Make sure the host MAC address is present in the EVPN database of both leaf devices.
It is recommended that you configure a
hold-time up
timer value of 60 seconds (60000 milliseconds), on the LAG interfaces at both leaf switches. Refer to hold-time for details on this option. Configuring a hold up timer helps ensure that the host facing LAG member interface does not become operational before the switch has completed its BGP route exchange after a reboot event.This example generates pings from the multihomed host to the virtual gateway address configured on the VLAN’s IRB interface. You must add the
virtual-gateway-accept-data
option to the IRB interfaces of both switches in order for them to generate ping replies.
This example uses the following hardware and software components:
Two QFX5100-48S-6Q devices initially running Junos OS Release 19.1R3.9
Junos OS Release 19.2R1.8
An Ubuntu or Centos server with a link to both ToR switches. The server is configured with a mode 4 bond interface to support LACP based link aggregation.
Procedure Overview
This section provides an overview of the upgrade procedure. The sequence of steps is designed to minimize disruption when upgrading a pair of leaf switches that support multihomed hosts:
Prepare for the upgrade:
Confirm the LAG interfaces are operational on both switches and the EVPN control plane has converged.

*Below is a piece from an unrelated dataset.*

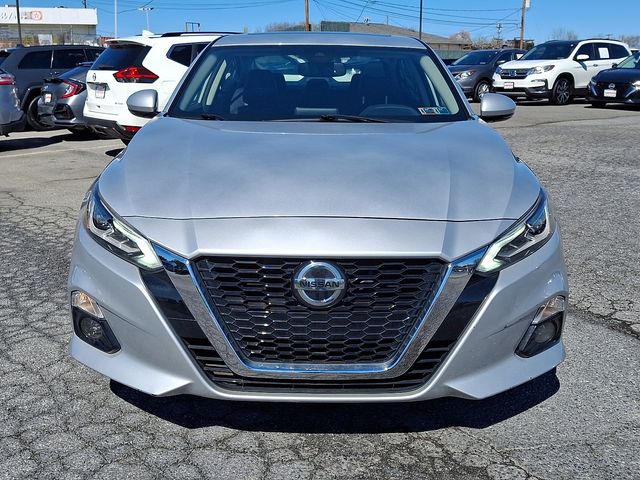 2019 Nissan Altima 2.5 SL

Copy the desired Junos OS image to the /var/tmp directory on both the switches.
Start a ping from the multihomed host to an overlay destination in the same VLAN. For example, an IRB interface on the spine devices for CRB, or on the leaf devices for ERB. This step is performed to allow you to later determine the degree of packet loss associated with the upgrade procedure.
Select the switch to be upgraded and disable the downlink interface to the server or host.
Upgrade and reboot the switch to the new Junos version. Confirm the switch is running the new version.
Check the EVPN control plane to confirm the upgraded switch has relearned the MAC address of the downlink host.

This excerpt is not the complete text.